══ Material for this task ══

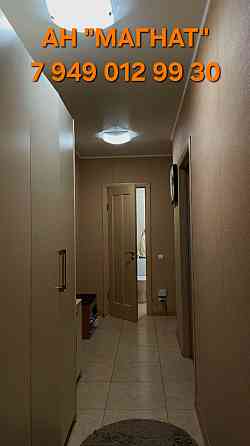 Квартира с ремонтом Донецк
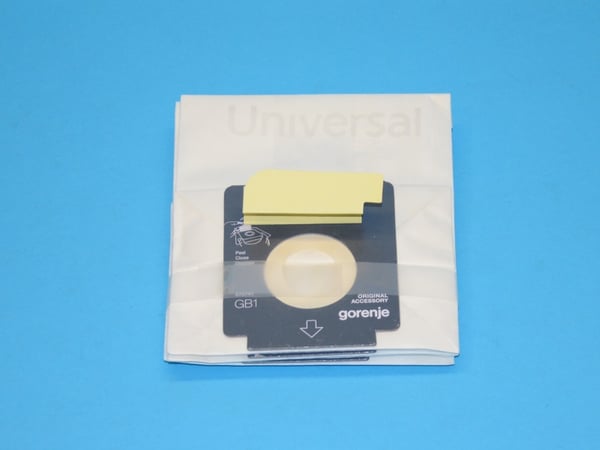Paper Bags GB1PBU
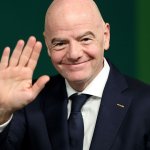 Gianni Infantino apologises over 'errors' after World Cup sale plan row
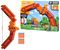 MINECRAFT HASBRO NERF BOW [G1120]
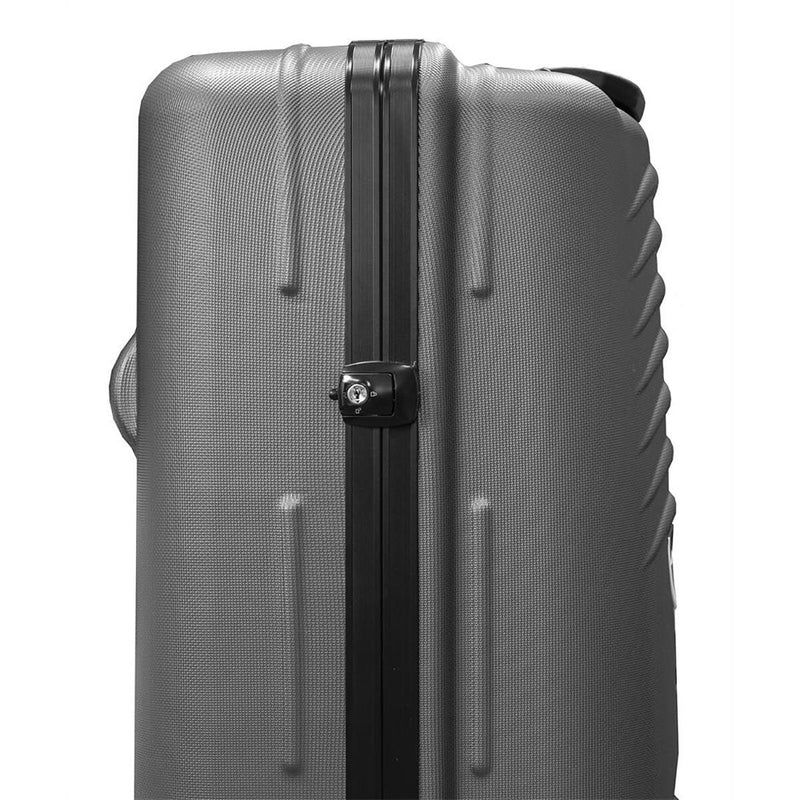 Longridge hard case golf travel cover, UK version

═══

- To do: Before copying, set the pictures aside; then reproduce each entry above exactly.

- Output for this task:
 Квартира с ремонтом Донецк
Paper Bags GB1PBU
 Gianni Infantino apologises over 'errors' after World Cup sale plan row
 MINECRAFT HASBRO NERF BOW [G1120]
 Longridge hard case golf travel cover, UK version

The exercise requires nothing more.